◆ Data for this task:
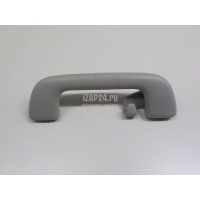 Ручка внутренняя потолочная Toyota Corolla E15 (2006 - 2013) 7461005130B0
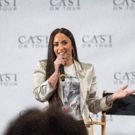 CAST on Tour Comes to Brooklyn with Demi Lovato & Iggy Azalea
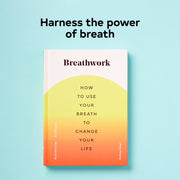 Breathwork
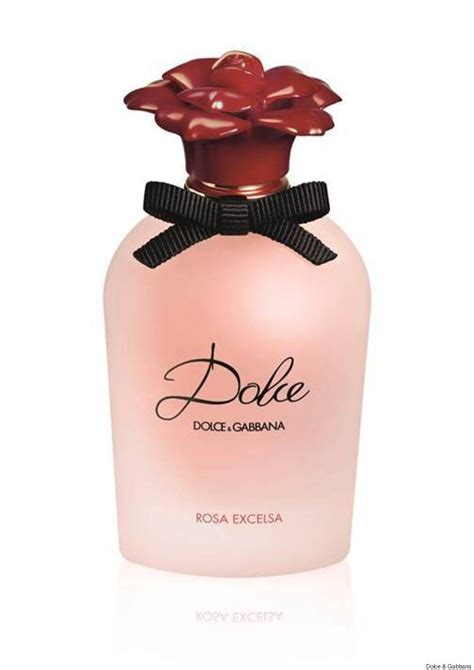 dolce gabbana parfum uomo|Dolce & Gabbana perfume women original.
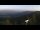 Webcam in Immenstadt im Allgäu, 1.3 km entfernt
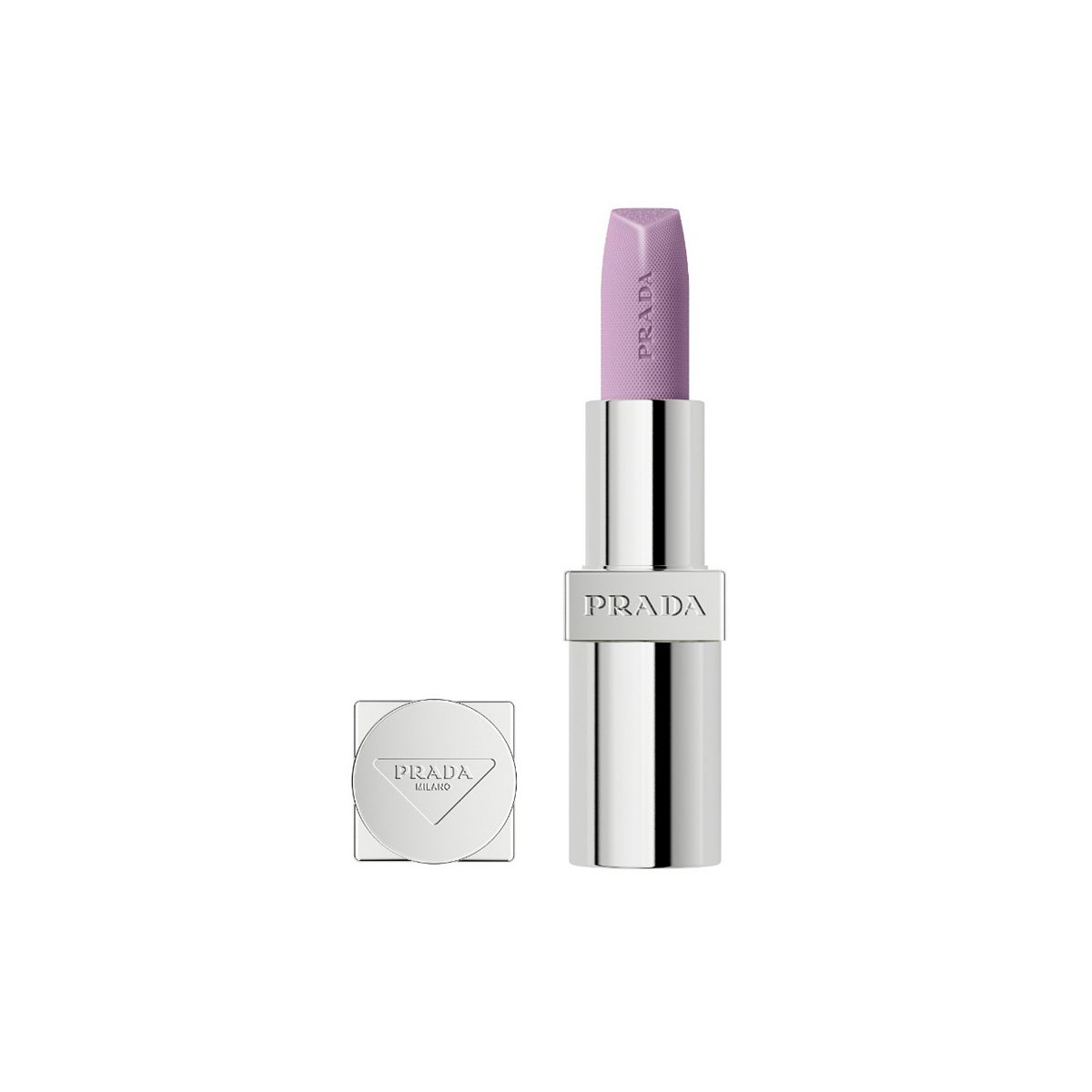 Prada Balm Wisteria Gleams 3.8g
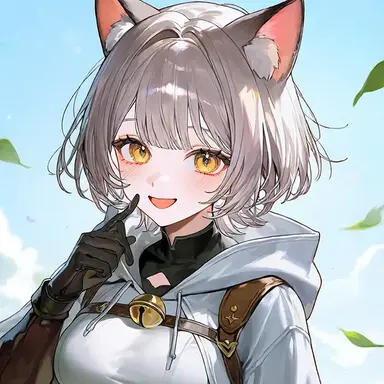 Profile image of ココ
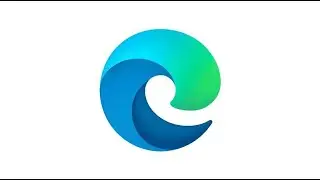 Microsoft Edge updated with performance, stability and bug fixes
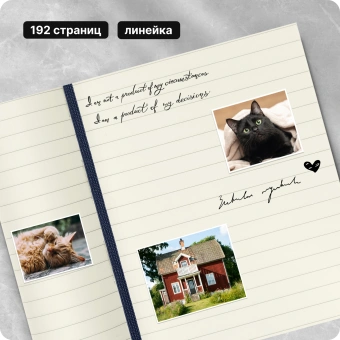 Блокнот Moleskine CLASSIC SOFT QP611B20 Pocket 90x140мм 192стр. линейка мягкая обложка синий сапфир - купить недорого с доставкой в интернет-магазине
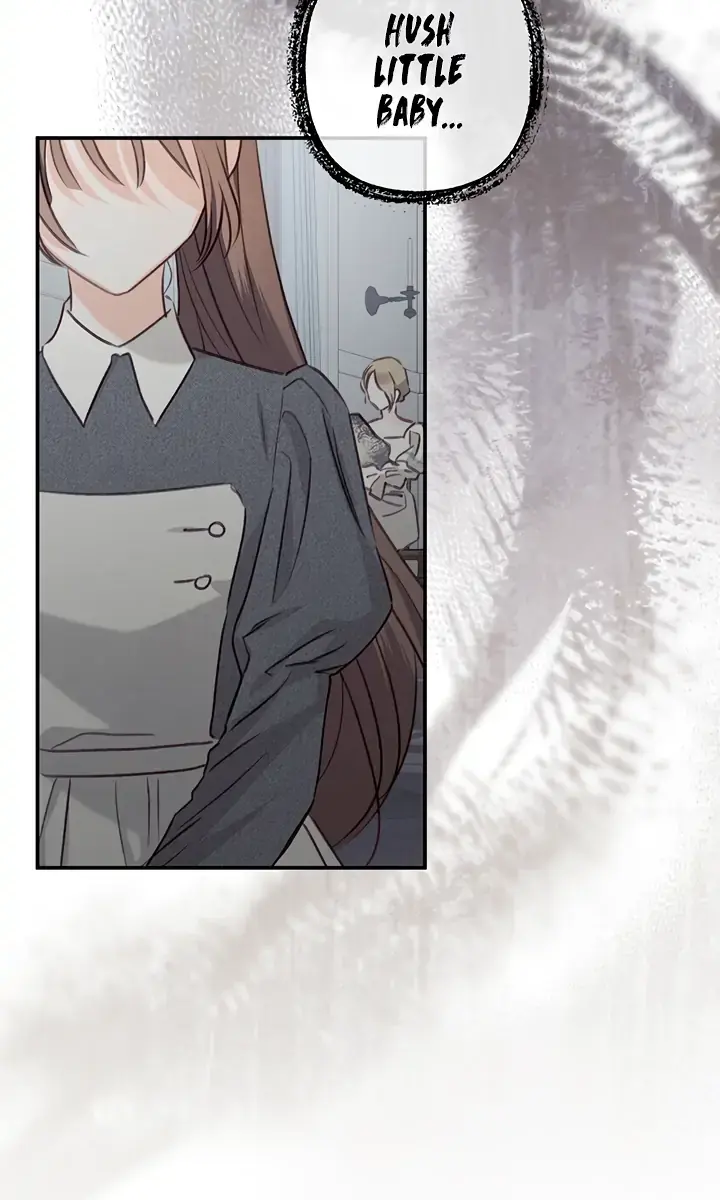 How to Survive as a Maid in a Horror Game Chapter 10 Page 101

◆ To do:
From the records above, copy only the lines running from the line containing "Profile image of ココ" to the line containing "Блокнот Moleskine CLASSIC", both ends included. Leave the pictures out.

◆ Exercise solution:
 Profile image of ココ
 Microsoft Edge updated with performance, stability and bug fixes
 Блокнот Moleskine CLASSIC SOFT QP611B20 Pocket 90x140мм 192стр. линейка мягкая обложка синий сапфир - купить недорого с доставкой в интернет-магазине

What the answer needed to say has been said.